«Oblivion»: tous les déchets sont-ils sans retour?

À l’ouverture des portes, la scène de la Cinquième Salle commence à peine à se remplir de bouteilles de plastique, de sachets, de contenants de yogourt. Après les deux heures quinze de la représentation d’Oblivion, la salle contiendra presque l’entièreté des déchets matériels conservés par l’artiste interdisciplinaire Sarah Vanhee durant un an. Pour peu que l’esprit se laisse emballer, elle contiendra aussi le poids du monde. Une délicate performance, un peu égocentrique en apparence, mais s’avérant un geste artistique évocateur, à même de provoquer un profond vertige.
Sans hâte et sans gêne, Vanhee vide une série de boîtes en déposant un à un chacun des objets qu’elle a voulu jeter durant l’année 2014-2015. Elle traite chaque déchet à la fois avec soin et détachement, et en même temps, elle parle un peu. L’artiste belge étale sobrement des bribes d’histoires aussi drôles que touchantes, établit une étiquette de la défécation, témoigne des réflexions qui ont jalonné la collecte de ses déchets. Elle explique qu’elle a conservé ses ordures digitales, des photos de ses déchets périssables, et partage quelques entrées du journal de ses déjections.
En étalant les objets auxquels on en vient étrangement à s’attacher, Vanhee laisse des espaces entre eux, comme pour s’assurer qu’ils ne représentent pas une marée mais composent plutôt une multitude. En se déplaçant sur scène, elle suit les petits chemins qui se forment autour des déchets. Dans sa manière de se raconter, aussi, elle aménage habilement des espaces de silence, invitant ainsi chacun à emprunter les petits chemins de pensée qui lui conviennent.

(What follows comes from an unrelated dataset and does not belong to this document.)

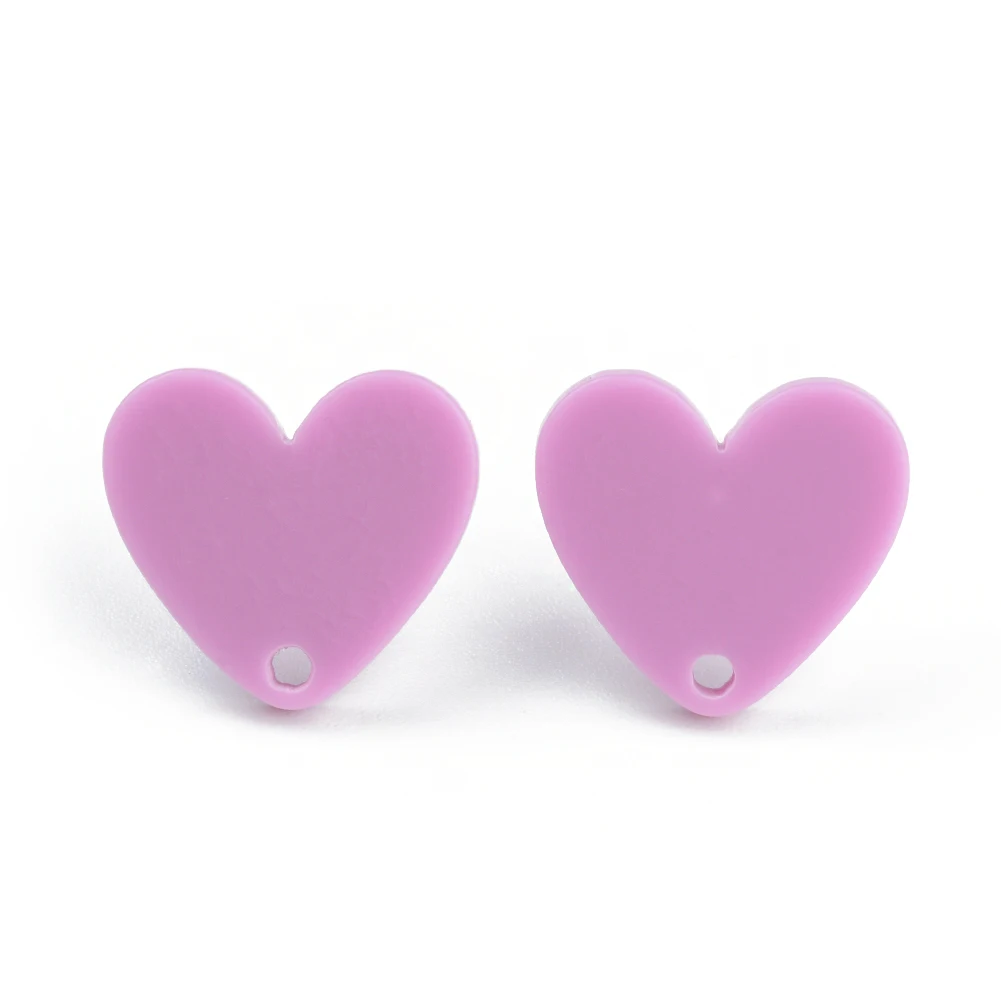 20pcs 14*15.5mm 925 Silver Needle Stud Earrings Colorful Heart Shape  Acrylic Helix Cartilage Tragus Lobe Ear Piercing Jewelry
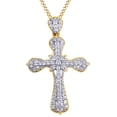 thumbnail image 1 of AFFY 1.21 Ct Round Cut Natural Diamond Fashion Cross Pendant Necklace In 14K Solid Yellow Gold, 1 of 1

À un moment, elle esquisse un long générique du spectacle en nommant quelques-unes des nombreuses personnes, idées, citations, réalités et recherches Google ayant contribué à Oblivion, de ses complices de création au mot « rhinocéros », en passant par la mondialisation. Ce faisant, elle active en quelque sorte tout ce qui l’a traversé pour le spectacle et d’une certaine manière, rend perceptibles les réseaux de relation entre toute chose.
Il n’est jamais question de pollution ou de gestion des déchets autrement que sur le plan personnel et pourtant, la pièce tend vers de nécessaires réflexions écologiques pouvant se greffer à de multiples préoccupations. Jamais moralisatrice, la performance donne simplement à voir ce qu’on laisse derrière soi et souligne qu’on en oublie de grands pans systématiquement.
En accordant une importance aux rebuts, l’artiste donne de la visibilité à ce qu’on s’efforce de rendre rapidement invisible. Et pour un instant, elle redonne du poids aux produits et conséquences de nos actes, peu importe leur forme. Ce qu’il faut de doigté pour loger tout cela dans les petits intervalles contenus entre quelques déchets.